Before TJOFLAT, WILLIAM PRYOR, and EDMONDSON, Circuit Judges.
              Case: 16-17378     Date Filed: 07/03/2017    Page: 2 of 6

PER CURIAM:

      Vernard Jericho Pearsey appeals his 180-month sentence for one count of

felon in possession of a firearm. On appeal, Pearsey argues that his prior Georgia

burglary convictions do not qualify as predicate violent felonies under the Armed

Career Criminal Act (“ACCA”).
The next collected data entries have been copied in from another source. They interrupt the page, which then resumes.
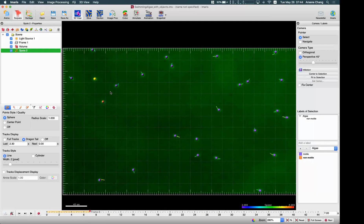Maybe just for example — if you have some fixed object, like some beads, if you have some fixed beads as a reference for the drift correction, then you can use those positions, those beads as a spot, and use that for the drift correction.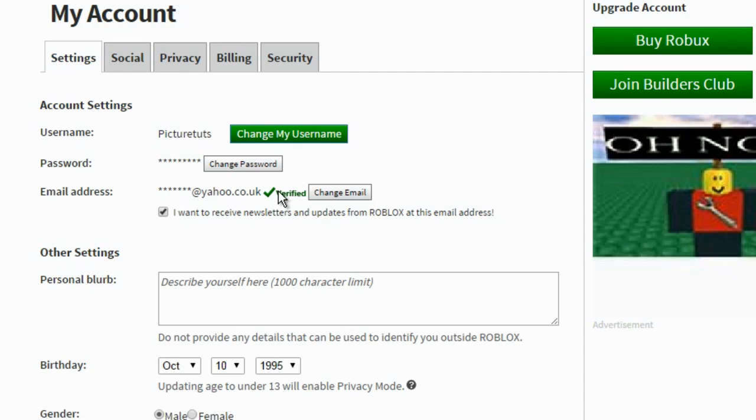So once you have your verified account with the verified tick, click on change password here.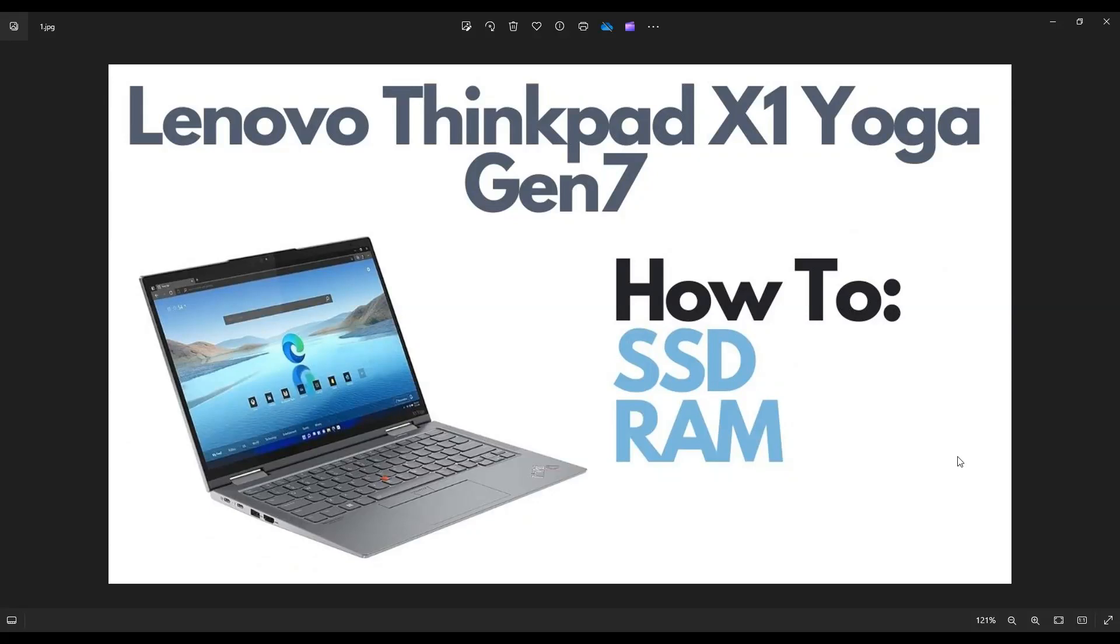Hey guys, my name is Jamin. Thanks so much for visiting my channel. In this video, I have a ThinkPad X1 Yoga Gen 7 Edition. I'm going to show you how to get inside, access your storage and your memory in case you want to upgrade or replace it.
He argues that Georgia’s burglary statute is

indivisible because it includes any type of building, vehicles, railroad cars,

watercraft, or any structure used as a dwelling, and lists those locations as

alternative means of committing burglary, rather than alternative elements.

      We review de novo whether a prior conviction is a violent felony within the

meaning of the ACCA. United States v. Howard, 742 F.3d 1334, 1341 (11th Cir.

2014).

      Under the ACCA, a defendant convicted of being a felon in possession of a

firearm who has 3 or more prior convictions for a “serious drug offense” or

“violent felony” faces a mandatory minimum 15-year sentence. See 18 U.S.C.

§ 924(e)(1). The ACCA defines a violent felony as a crime punishable by a term

of imprisonment exceeding one year that

      (i) has as an element the use, attempted use, or threatened use of
      physical force against the person of another; or

      (ii) is burglary, arson, or extortion, involves use of explosives, or
      otherwise involves conduct that presents a serious potential risk of
      physical injury to another.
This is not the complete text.